Repeat the lines of the data that follow, please, starting at the first and stopping after the one with "Kids' Panda Insulated".

Short descriptive text snippets
■ ■ ■ ■ ■
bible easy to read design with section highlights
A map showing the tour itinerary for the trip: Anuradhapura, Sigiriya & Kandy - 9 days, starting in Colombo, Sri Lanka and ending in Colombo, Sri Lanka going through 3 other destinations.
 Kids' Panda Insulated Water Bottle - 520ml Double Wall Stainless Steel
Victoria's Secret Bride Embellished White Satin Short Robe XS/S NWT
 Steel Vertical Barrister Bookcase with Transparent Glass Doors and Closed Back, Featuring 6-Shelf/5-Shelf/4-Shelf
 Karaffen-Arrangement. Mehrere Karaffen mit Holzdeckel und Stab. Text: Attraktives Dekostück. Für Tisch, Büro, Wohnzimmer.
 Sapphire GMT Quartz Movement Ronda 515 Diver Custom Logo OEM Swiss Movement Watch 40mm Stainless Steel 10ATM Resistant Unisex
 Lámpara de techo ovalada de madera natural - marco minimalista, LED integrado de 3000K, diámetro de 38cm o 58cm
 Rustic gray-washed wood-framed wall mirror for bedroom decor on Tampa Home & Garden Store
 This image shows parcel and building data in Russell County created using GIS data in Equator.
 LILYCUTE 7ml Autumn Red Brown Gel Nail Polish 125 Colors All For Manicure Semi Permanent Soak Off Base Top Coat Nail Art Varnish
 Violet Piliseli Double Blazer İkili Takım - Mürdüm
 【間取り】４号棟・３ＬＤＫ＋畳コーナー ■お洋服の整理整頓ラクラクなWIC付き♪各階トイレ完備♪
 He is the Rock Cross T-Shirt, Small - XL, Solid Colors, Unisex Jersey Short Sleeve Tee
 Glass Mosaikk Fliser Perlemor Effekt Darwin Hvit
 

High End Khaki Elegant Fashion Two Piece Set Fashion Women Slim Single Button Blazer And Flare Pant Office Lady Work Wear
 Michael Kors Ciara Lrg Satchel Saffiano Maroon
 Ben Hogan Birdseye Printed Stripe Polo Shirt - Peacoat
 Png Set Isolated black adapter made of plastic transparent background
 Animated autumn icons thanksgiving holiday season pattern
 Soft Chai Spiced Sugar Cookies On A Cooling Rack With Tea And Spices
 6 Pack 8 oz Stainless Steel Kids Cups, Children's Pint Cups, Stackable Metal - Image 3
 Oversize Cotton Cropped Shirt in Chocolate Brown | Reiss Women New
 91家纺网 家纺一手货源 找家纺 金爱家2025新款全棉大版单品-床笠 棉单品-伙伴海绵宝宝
■ ■ ■ ■ ■
*Result*
bible easy to read design with section highlights
A map showing the tour itinerary for the trip: Anuradhapura, Sigiriya & Kandy - 9 days, starting in Colombo, Sri Lanka and ending in Colombo, Sri Lanka going through 3 other destinations.
 Kids' Panda Insulated Water Bottle - 520ml Double Wall Stainless Steel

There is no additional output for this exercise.